QUILTING IN THE HOOP
I reccently uploaded a video on creating quilt outlines from lettering in the Bernina Designer Plus software. I’ve embedded it at the end of this post, but it occurred to me that it might be helpful to post about the process of quilting in the hoop.
GETTING YOUR QUILT IN THE HOOP.
It is much easier to quilt each block of your quilt before you join it together. Quilting a large completed quilt in the
hoop, even with the longer arm machines can lead to all sorts of problems. The weight and bulk of the quilt could
easily impede the movement of the embroidery arm. Keeping the parts of the quilt, not being embroidered, clear of the embroidery area would be very difficult. In short, I would not recommend attempting large quilts in the hoop. Having said this, smaller quilted projects, such as table runners, small throws and individual blocks are easily machine quilted in the hoop. I will post next week on how to join your blocks after quilting.
The thickness of your wadding will determine how you hoop. It is possible to hoop your quilt “sandwich” if you are using pellon or a simmilar thin wadding. The wadding itself assists in stabilising, but depending on your design you may need to add additional stabiliser. I have used a sheet of tearaway slid under the hoop, but if
your quilting is intricate and you don’t want to pick out lots of tearaway you could baste a water soluble on top.The heavier weight solvy should be fine.
If your wadding is too thick to hoop, you will need to hoop an adhesive stabiliser of your choice ( there are watersoluble versions available) and lay your quilt sandwhich on to this. I recommend doing a basting stitch to hold the layers together. Use a fine needle, so that you are not left with needle marks when you remove the basting. No additional stabiliser should be necessary.
ALWAYS TEST FIRST, which brings me to the next point.
Most embroidery machines automatically drop the upper tension down to about 2 for
embroidery. This ensures that the bobbin thread does not pull up to the top. However this results in the top thread being pulled to the back.I did a sample with the default embroidery tension using green thread on the top and red thread in the bobbin to illustrate.
We all want our embroideries to look their best and tension is one of the factors which affects the quality of the stitch out. The tension for machine embroidery is different from the tension for normal sewing. When sewing normally the tensions of the top and bottom thread should be equal, so that the upper thread does not show on the bottom and the lower thread does not show on the top. When embroidering the upper tension is looser than the lower tension so that the upper thread is drawn to the underneath. This ensures that the bobbin thread never shows on the top, and the edges of the embroidery are crisp and neat.
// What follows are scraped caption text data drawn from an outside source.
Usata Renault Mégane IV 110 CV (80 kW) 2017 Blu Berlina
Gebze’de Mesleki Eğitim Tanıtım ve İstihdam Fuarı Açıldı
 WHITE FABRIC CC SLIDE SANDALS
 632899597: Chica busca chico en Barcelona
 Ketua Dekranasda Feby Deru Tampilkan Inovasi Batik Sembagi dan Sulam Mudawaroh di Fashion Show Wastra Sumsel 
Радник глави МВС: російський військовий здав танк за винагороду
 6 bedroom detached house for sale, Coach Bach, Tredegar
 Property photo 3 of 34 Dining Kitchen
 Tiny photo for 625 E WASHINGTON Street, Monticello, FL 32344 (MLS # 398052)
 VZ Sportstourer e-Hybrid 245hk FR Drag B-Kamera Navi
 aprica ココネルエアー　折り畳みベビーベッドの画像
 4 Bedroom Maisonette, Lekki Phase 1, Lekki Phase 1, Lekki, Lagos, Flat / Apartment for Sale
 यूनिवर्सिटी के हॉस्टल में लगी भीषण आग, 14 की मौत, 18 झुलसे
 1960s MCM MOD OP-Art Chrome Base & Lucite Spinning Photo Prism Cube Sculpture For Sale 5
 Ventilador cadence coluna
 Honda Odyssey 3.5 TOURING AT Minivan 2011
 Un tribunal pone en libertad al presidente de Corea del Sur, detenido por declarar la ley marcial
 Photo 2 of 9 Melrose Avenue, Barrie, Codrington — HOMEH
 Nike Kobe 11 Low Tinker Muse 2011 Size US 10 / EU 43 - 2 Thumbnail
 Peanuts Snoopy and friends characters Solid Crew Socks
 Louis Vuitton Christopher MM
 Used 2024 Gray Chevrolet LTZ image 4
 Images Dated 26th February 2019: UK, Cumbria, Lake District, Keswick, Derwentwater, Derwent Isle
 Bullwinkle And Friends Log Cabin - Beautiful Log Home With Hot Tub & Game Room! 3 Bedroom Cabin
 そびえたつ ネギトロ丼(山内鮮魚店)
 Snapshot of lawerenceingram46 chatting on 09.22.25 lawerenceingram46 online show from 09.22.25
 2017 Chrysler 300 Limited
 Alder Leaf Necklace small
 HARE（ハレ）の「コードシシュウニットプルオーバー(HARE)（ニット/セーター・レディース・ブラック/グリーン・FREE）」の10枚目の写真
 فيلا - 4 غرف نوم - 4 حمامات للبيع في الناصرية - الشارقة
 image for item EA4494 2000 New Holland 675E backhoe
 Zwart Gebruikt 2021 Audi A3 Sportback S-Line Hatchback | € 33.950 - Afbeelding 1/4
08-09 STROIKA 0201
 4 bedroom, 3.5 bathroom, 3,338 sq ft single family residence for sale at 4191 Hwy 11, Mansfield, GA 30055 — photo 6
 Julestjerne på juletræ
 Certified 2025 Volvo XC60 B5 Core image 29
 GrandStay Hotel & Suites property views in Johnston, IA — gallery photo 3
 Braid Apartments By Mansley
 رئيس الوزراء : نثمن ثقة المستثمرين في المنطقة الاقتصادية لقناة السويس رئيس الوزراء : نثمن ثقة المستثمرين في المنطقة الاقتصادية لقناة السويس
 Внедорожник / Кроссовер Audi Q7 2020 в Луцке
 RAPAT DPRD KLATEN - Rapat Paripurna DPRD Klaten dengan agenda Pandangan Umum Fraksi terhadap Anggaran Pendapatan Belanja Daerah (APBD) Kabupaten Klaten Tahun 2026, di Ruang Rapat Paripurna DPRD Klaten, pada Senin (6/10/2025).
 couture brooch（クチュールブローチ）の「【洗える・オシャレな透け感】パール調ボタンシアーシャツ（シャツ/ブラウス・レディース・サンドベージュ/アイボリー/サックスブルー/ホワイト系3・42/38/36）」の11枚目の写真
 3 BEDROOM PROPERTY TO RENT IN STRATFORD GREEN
If your machine has Auto Tension the change in tension is set automatically when you select the embroidery option. If you have manual tension you will need to set the tension yourself. Check your machine’s instruction manual for the correct settings.
You can check your tension by doing a test embroidery. Using the inbuilt lettering on your machine, stitch out the letters EPNS in a block type font. Choose a size about 20mm high.
If you look at the underside of the embroidery, you should see the upper thread on both sides of the letters. The upper thread should cover about 1/3 of the letter on each side, with the bobbin fill covering the remaining third in the centre of the letters. There may be some variation around the curves.
Other incorrect tension indicators are:-
loose stitches and or looping on the top
looping and or tangles on the bottom, and
constant thread breakages.
If you are having tension issues and your machine has been regularly serviced, you can try the following:-
Double check the threading. (we all have bad days)
Replace the needle. Where possible use an embroidery needle
Clean the bobbin area
Check for stray bits of thread in the bobbin area, in the bobbin case and and in the upper part of the machine.
Clean between the tension discs with a piece of folded muslin or calico.
Check that the bobbin is wound correctly. It should not feel spongy.
What bobbin fill are you using? It is surprising how much variation there is between brands. Some brands of machines have their own bobbin fill. Their tension has been set for that thread and best results are achieved by using it. I am not a fan of pre wound bobbins unless they are wound on a genuine bobbin. Having said that, if they work for you and your machine that’s great.
Try a different upper thread. Quality and handle vary between brands and fibre content. Even with the same brand you occasionally get a bad spool. Thread does deteriorate over time. If your thread is old and causing problems, throw it out. It is not worth the hassle.
Try using a thread stand. The more distance between the spool and the machine, the more time the thread has to “de kink” and relax.
Try adjusting your tension setting. You may only have to do this when you are using a particular thread. If you need to do it all the time and especially if it needs more than a minor adjustment, you should see your machine mechanic.
If after all of the above you are still having problems see your mechanic.